Nach Unterschieden zwischen West und Ost in Deutschland wird 20 Jahre nach dem Mauerfall noch immer gesucht. Doch in vielen Bereichen lassen sich keine große Differenzen mehr ausmachen, so auch in der Gesundheit. Es gab zum Zeitpunkt der Wiedervereinigung zwischen der Bundesrepublik Deutschland und der Deutschen Demokratischen Republik Unterschiede in fast allen gesundheitlichen Bereichen. Diese betrafen zum Beispiel die häufigsten chronischen Krankheiten, Gesundheitsrisiken wie den Konsum von Alkohol und Tabak, aber auch das Impfverhalten, die Qualität der gesundheitlichen Versorgung und letztlich die Lebenserwartung. Diesen Artikel weiter lesen
Laut dem Robert Koch-Institut (RKI) haben sich nach 20 Jahren gemeinsamer Entwicklung die Unterschiede in den meisten Bereichen deutlich verringert oder sogar angeglichen. So haben beispielsweise die körperliche Aktivität und das Sporttreiben in den Ost-Bundesländern deutlich zugenommen. Dort wurde vor 20 Jahren im Vergleich zum Westen wenig Sport getrieben. Mittlerweile liegen Ost und West fast auf dem gleichen Niveau. Bei der Ernährung verhält es sich ähnlich, doch dort sind noch wenige Differenzen feststellbar: Während im Osten mehr Obst, Fleisch, Fisch, Brot, Streichfette und Limonaden verzehrt werden als im Westen, verhält es sich mit Getreide- und Milchprodukten, Käse, Wasser, Kaffee und Tee umgekehrt.
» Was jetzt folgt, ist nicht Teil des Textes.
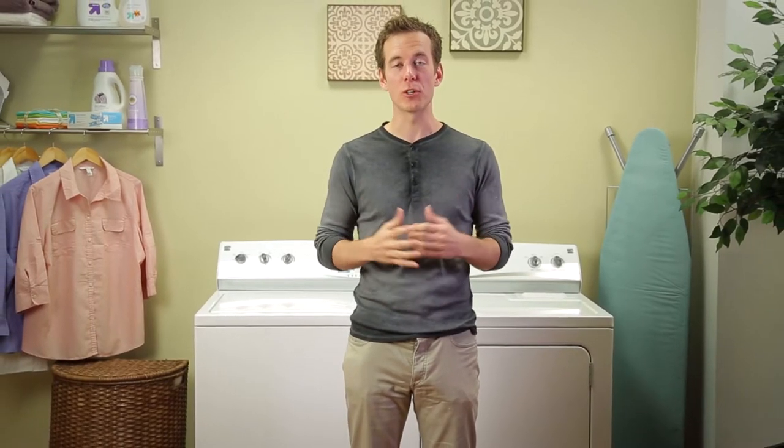Hello! On behalf of the entire Kenmore brand, I'd like to say thank you for your recent purchase. As you get started, we'd like to offer you some tips for loading your new Kenmore Top Load Washer. The more you know, the happier you'll be with the way your washer cleans your clothes.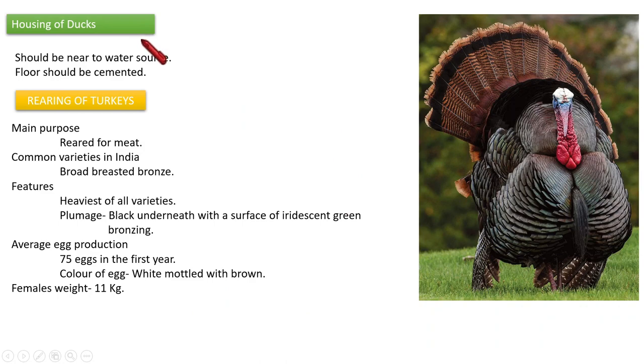Regarding housing of ducks: the housing should be near to a water source — that is a very important requirement. The floor should be cemented. A cemented flooring is necessary for duck housing. That covers the topic of rearing of ducks.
Trotz eines veränderten Ernährungsverhaltens hat sich an der Verteilung der fettleibigen Menschen kaum etwas getan. Die Zahl war im Osten vor 20 Jahren deutlich höher als im Westen, und obwohl der Westen inzwischen etwas aufgeholt hat, liegt der Osten weiter in Führung. In Sachen erhöhtem Blutdruck konnten die östlichen Bundesländer allerdings ihre hohe Fallzahl verringern und liegen mit den westlichen Bundesländern nun auf einer Ebene.
Unterschiede lassen sich heute aufgrund der Entwicklung kaum mehr an den Landesteilen "Ost" oder "West" festmachen, sondern betreffen einzelne Bundesländer und kleinere räumliche Einheiten. Diese regionalen Unterschiede haben zumeist soziale Gründe: Die Gesundheitschancen sind laut RKI dort am geringsten, wo die Lebensbedingungen am schlechtesten sind. Sie ergeben sich oftmals aus einer ungleichen Verteilung von Bildung, Arbeitslosigkeit, Einkommen und Privatvermögen in den Bundesländern, Städten und Gemeinden.